As an example of this lack of suitability, this Editor would like to share a school-boy memory, which will probably have been experienced by many readers who struggled with ‘barbarous hexameters’. To remind one of the form in which the poet Ovid wrote much of his verse, we would chant:
Down in a | deep dark | vale sat an | old cow | munching a | bean stalk
Out of her | mouth came | forth: | yesterday’s | dinner and | tea.
As will be readily seen, this does not lend itself to a ‘hauling chantey’. But try chanting “The First Chantey” to yourself, using the accent given by the Anglo-Saxon verse form, with its mid-line break, and you will see that it makes a convincing work song from the days of sail when the heavy tasks of a ship were done by the muscle-power of the seamen, singing as they hauled together, or following the song or fiddle of a ‘shanty-man’ : (again, verse 2):
Swift through the forest we ran; none stood to guard us,
Few were my people and far; then the flood barred us –
Him we call Son of the Sea, sullen and swollen.

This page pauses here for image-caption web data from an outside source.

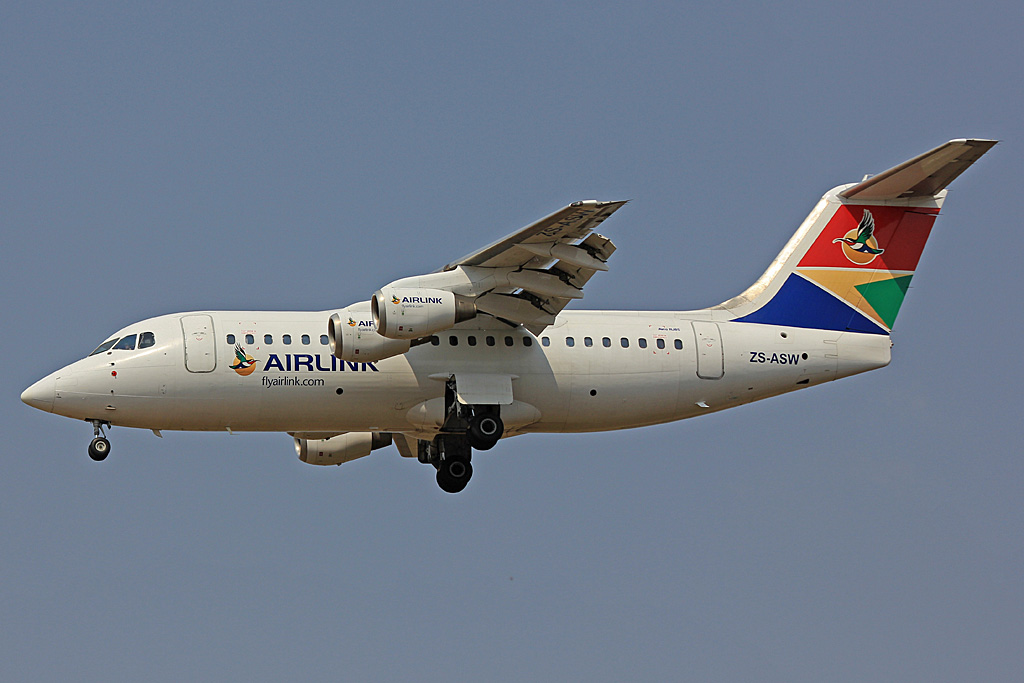 ZS-ASW (E2313) 1997 BAe Avro RJ85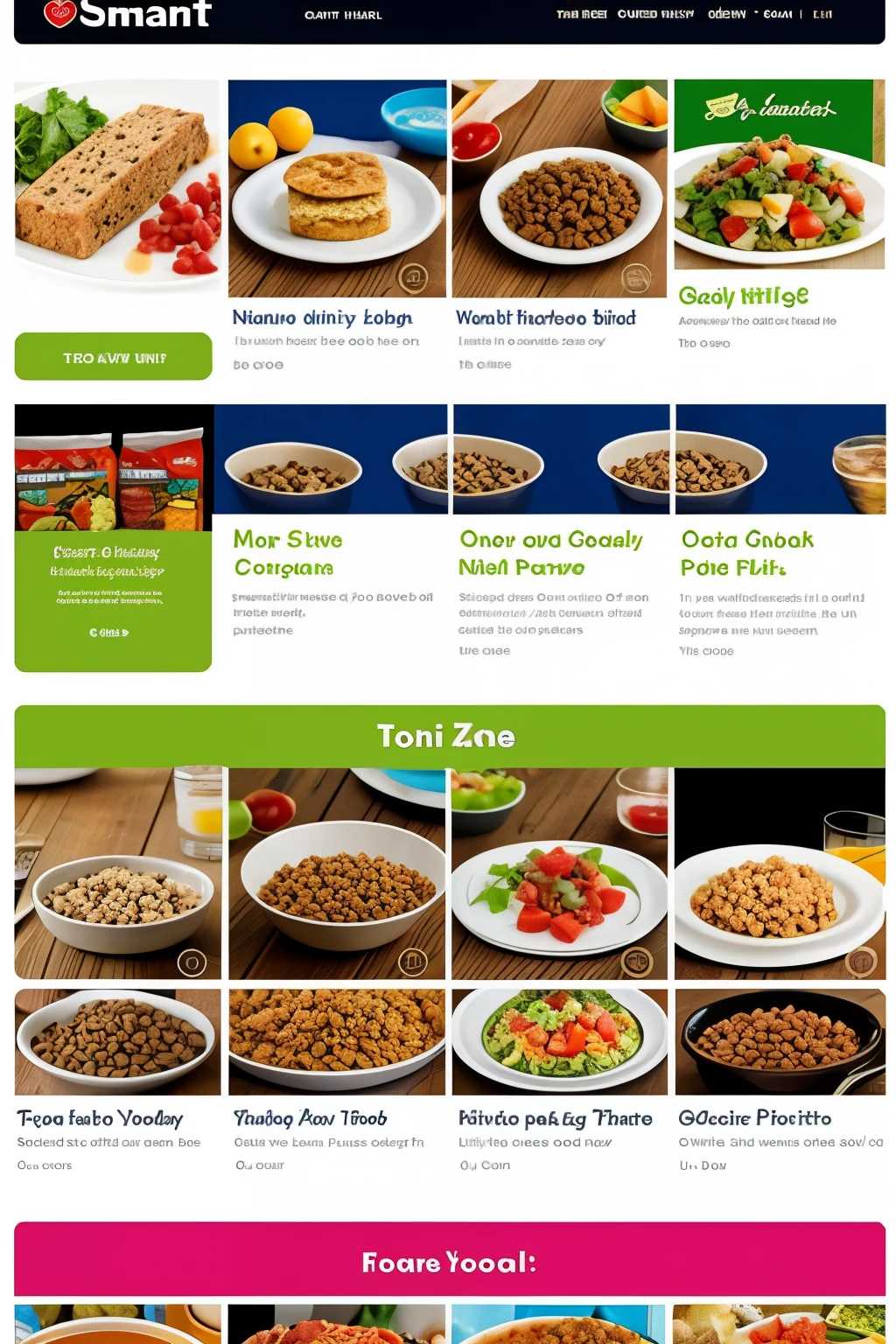Design the Topshelf pet food zone in the SmartHeart brand department store. want fun delicious food Eat and be healthy
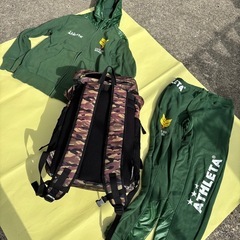 アスレタ リュック カフェドブラジル柄 迷彩 2000円✨ 	⚽️	ATHLETA カモフラ柄バックパック スポーツ用に！の画像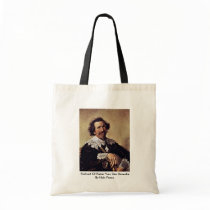 Portrait Of Pieter Van Den Broecke By Hals Frans Tote Bags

Panting we waited for death, stealer and stolen.
A good strong haul on the underlined words.
The theme, of the first (accidental) sea voyage to the end of the world and back again, is one that Kipling used elsewhere, eg, in “The First Sailor” (A Book of Words), and (partially) in the first verse of “The Junk and the Dhow”. Here the “First Sailor” has been stealing a woman from another tribe, in the tradition of “The Rape of the Sabine Women”, an episode in the legendary history of Rome in which the first generation of Roman men took wives for themselves from the neighboring Sabines. This “First Sailor” makes a voyage to escape from the people of his victim, who is by no means unwilling. On returning, he is greeted as a hero.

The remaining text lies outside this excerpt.